Local Streaming Latency

SB07 · June 16, 2026, 5:31pm

Hi,

I’m working with two ZED X One cameras on a ZED Box (Orin NX, SDK 5.3, JetPack 6). I’m setting up live streaming and testing locally over loopback first: one process opens both cameras and enables streaming (one stream per camera on separate ports), and a second process receives both streams and processes the frames.

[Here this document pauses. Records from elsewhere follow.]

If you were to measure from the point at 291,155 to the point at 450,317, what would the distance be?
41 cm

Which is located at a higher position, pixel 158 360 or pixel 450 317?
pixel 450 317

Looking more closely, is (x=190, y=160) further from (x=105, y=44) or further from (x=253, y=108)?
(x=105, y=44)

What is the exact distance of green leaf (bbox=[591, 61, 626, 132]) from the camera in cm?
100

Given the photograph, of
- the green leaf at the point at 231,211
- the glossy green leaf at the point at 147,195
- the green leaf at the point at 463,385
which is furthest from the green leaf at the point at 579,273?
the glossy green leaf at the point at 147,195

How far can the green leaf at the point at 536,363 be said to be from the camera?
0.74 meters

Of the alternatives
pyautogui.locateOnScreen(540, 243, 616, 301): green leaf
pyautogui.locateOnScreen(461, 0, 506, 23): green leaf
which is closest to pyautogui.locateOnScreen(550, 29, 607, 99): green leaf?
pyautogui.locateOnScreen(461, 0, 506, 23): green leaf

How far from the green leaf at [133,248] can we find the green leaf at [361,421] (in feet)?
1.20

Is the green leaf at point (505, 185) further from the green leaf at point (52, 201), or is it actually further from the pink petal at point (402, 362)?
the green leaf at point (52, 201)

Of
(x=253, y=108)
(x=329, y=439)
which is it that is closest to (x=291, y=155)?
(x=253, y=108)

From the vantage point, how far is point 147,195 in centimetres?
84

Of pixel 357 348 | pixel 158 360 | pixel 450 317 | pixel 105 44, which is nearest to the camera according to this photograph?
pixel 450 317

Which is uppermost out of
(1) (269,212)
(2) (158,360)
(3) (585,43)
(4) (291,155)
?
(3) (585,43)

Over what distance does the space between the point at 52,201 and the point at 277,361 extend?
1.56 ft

I’m measuring ~150ms end-to-end latency (capture timestamp to frame available on the receiver), and I broke it down by pipeline stage to find where the time goes:

Grab only (capture → grab, on the box): ~23ms @ SVGA/60fps, ~39ms @ 30fps
Grab + stream + receive (capture → received on the other process): ~110ms @ 60fps, ~160ms @ 30fps
Full pipeline incl. frame matching: ~125ms @ 60fps, ~167ms @ 30fps

So the streaming step itself (encode + transport + decode) adds ~85-120ms, which is the dominant cost. Grabbing and matching are minor.

My streaming params: H264, bitrate 4000, gop_size 0, chunk_size 1200.

A few questions:

Since both encode (2 streams) and decode (2 streams) are running on the same Jetson over loopback, could the shared NVENC/NVDEC be inflating this? I saw NVENC/NVDEC utilization around 50-70% in tegrastats (not saturated), with the engines bursting/idling rather than maxed.
Are there StreamingParameters settings you’d recommend tuning to reduce the encode/decode latency specifically?
Would you expect the latency to drop meaningfully when I move decode to a separate machine over real ethernet?

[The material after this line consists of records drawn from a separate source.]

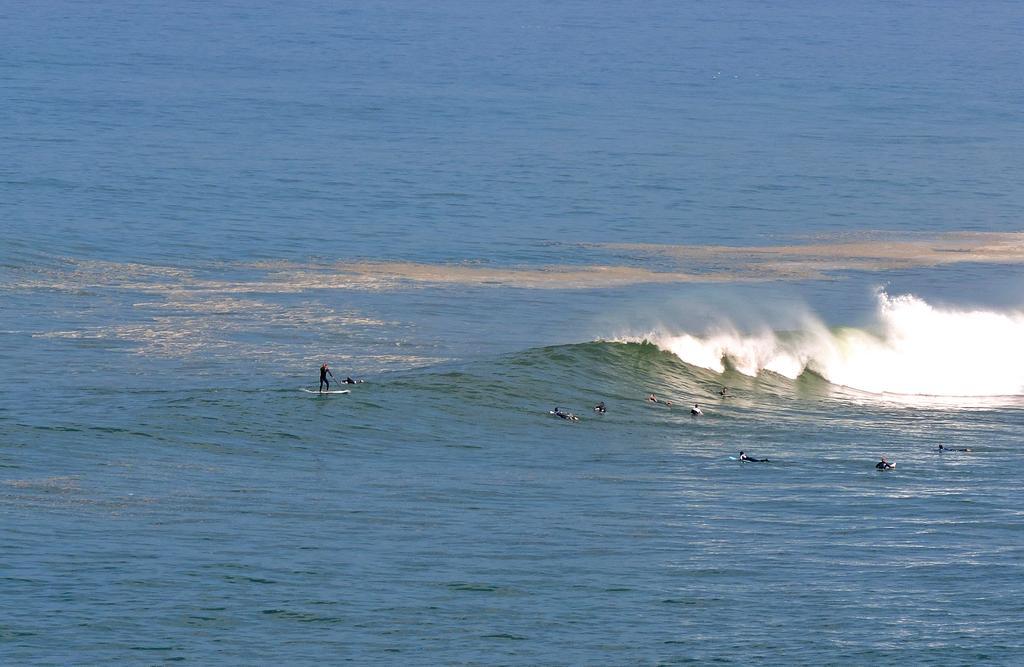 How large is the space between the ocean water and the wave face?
23cm

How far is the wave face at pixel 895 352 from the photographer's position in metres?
60.2

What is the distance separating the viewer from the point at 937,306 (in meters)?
73.1

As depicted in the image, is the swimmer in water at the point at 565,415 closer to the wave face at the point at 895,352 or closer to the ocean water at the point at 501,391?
the ocean water at the point at 501,391

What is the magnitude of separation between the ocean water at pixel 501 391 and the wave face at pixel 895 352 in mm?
227

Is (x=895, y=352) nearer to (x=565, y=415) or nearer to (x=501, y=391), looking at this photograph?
(x=501, y=391)

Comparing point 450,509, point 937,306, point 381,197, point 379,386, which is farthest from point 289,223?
point 450,509

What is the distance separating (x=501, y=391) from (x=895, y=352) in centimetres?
2015

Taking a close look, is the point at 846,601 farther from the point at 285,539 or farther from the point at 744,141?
the point at 744,141

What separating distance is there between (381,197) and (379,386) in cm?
5259

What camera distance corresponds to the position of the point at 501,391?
52094 millimetres

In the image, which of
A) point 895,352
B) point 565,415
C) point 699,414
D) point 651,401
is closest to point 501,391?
point 565,415

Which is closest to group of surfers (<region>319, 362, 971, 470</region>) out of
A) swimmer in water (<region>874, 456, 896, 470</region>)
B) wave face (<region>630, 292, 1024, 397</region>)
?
swimmer in water (<region>874, 456, 896, 470</region>)

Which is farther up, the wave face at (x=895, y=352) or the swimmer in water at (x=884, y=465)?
the wave face at (x=895, y=352)

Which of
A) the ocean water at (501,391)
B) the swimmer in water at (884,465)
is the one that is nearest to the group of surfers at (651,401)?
the swimmer in water at (884,465) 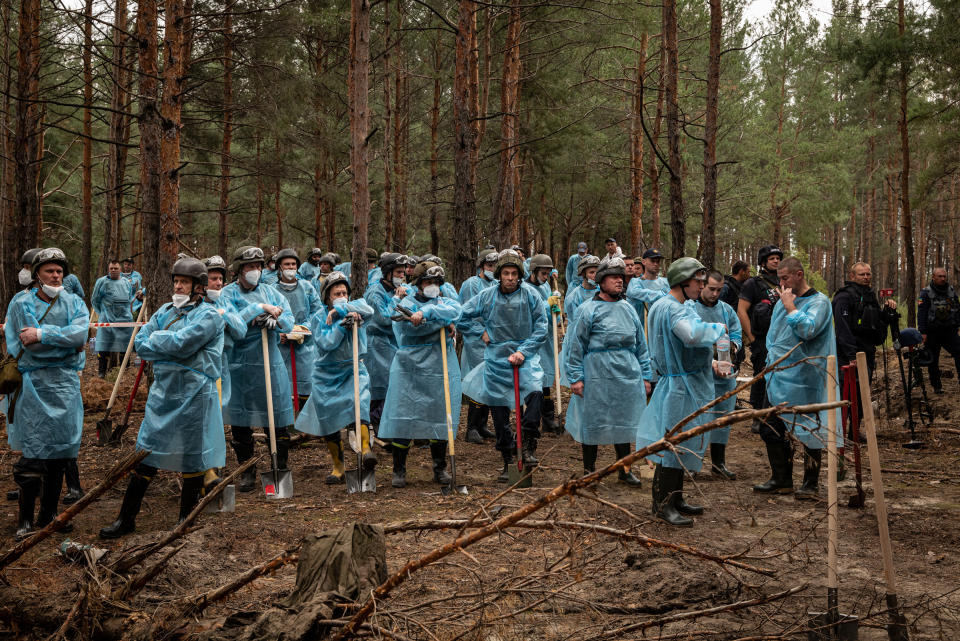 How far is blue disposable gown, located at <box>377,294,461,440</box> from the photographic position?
750cm

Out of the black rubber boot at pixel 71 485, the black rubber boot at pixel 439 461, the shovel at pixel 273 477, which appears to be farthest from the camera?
the black rubber boot at pixel 439 461

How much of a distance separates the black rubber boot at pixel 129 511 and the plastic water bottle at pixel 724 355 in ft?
15.0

Myzhar · June 17, 2026, 1:05pm

Hi @SB07
Welcome to the StereoLabs community.

Thanks for the detailed breakdown; the stage-by-stage measurements make this much easier to reason about.

A few points on what you are seeing:

1. Shared NVENC/NVDEC on the same Jetson

Yes, running 2 encoders and 2 decoders on the same Orin NX over loopback is very likely the main contributor. The engines bursting/idling at 50-70% rather than saturating is typical of latency-bound (not throughput-bound) load: the issue is serialization and scheduling between the four sessions sharing the same hardware engines, plus the queuing introduced by the encoder, not raw engine capacity. The decode side competing with encode on the same box adds round-trip queuing on top of that.

2. StreamingParameters tuning

A few things worth trying:

gop_size: with 0 the SDK uses its default GOP. For low latency, set an explicit short GOP (or all-intra style behavior) so the decoder does not wait on reference frames; this reduces decode-side buffering.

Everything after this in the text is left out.